Tenho um pé atrás com a Brasília atual porque é o reino da violência gratuita, dos crimes de classe média e o povo usa drogas muito mais pesadas (cocaína é coisa ordinária por lá desde que me entendo por gente). Outra coisa, para a qual nunca tive um pingo de paciência, é a cultura da ostentação, das aparências e status acima de tudo. A infância também não dura muito tempo nessa cidade - se é que você me compreende...
Apesar de ter a melhor qualidade de vida do Brasil, e faz muito tempo, já naquela época, na década de 80, Brasília se destacava em duas estatísticas nada bacanas: nas de alcoolismo e nas de suicídio.
[Salve a Bahia!...E o seu sol que não deixa ninguém triste! hehehe]
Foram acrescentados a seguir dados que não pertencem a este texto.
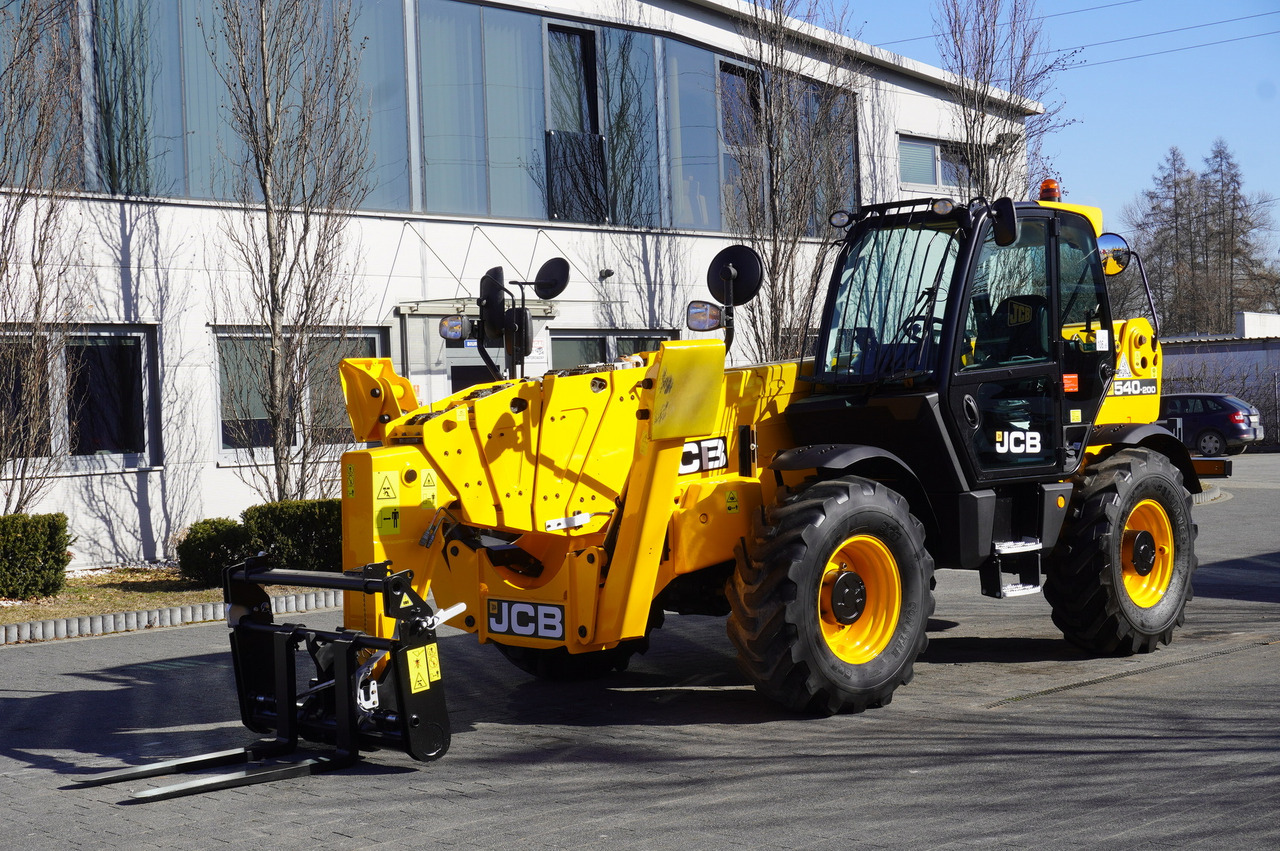 JCB 540-200 Telescopic Loader / 20m / joystick - Chargeuse sur pneus: photos 5 JCB 540-200 Telescopic Loader / 20m / joystick - Chargeuse sur pneus: photos 5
Acho que fui embora na hora certa. Se tivesse passado a adolescência em BSB, pelo andar da carruagem, ou teria ficado no "Bloco do Eu Sozinho" ou teria que sucumbir à maioria para me adequar, ou seja, virar uma "porra-louquinha" - nada mais clichê, especialmente quando se é adolescente! -, o que teria sido demasiadamente ruim. Outsider de nascença - de nascença mesmo! (risos)... essa é outra história... -, tenho uma grande e inata desconfiança do bom senso da maioria. Só consegui, por exemplo, simpatizar com a idéia de ter blog depois que passou a moda... Enfim, tenho mais a agradecer que a reclamar por ter vindo para SSA aos 12 anos. Penso que no Nordeste existe uma calma, uma inocência e uma liberdade que não é mais possível, e há muito, no Centro-Sul. Mas demorei muito a sacar essas vantagens.